The loan is clearly for a consumer (personal, family or household) purpose. That said, the next question to be asked is whether the principal borrower will be the trust (as the intended owner of the dwelling) or the individual who is the trustee. If it is the trust, a literal reading of the current Regulation Z section 1026.3(a)(2) and its official commentary would appear to allow the loan to be considered organizational credit and therefore exempt from the coverage of Regulation Z.
However, there has always been a difference of opinion on how to treat certain grantor trusts -- since they are revocable during the lifetime of the grantor shouldn't the trust be ignored for the purposes of Regulation Z, and the disclosures provided to inform and protect the true owner of the dwelling?

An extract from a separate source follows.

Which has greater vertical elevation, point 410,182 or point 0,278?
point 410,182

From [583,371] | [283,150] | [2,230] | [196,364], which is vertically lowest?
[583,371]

The controversy over whether to consider such loans subject to the regulation is to be somewhat cleared up in August. As of August 1, new comment 3(a)-10 will become effective, making loans to trusts used for personal or family tax and estate planning (see the comment for details) subject to the regulation because "in substance (if not in form) consumer credit is being extended."
Since you are considering this loan before August 1, 2015, you could decide to treat it as organizational credit and exempt from the regulation (unless there have been court decisions in your state establishing a precedent that such loans are consumer credit). A more conservative approach, though, is to treat comment 3(a)-10 as currently effective and make the loan subject to the regulation.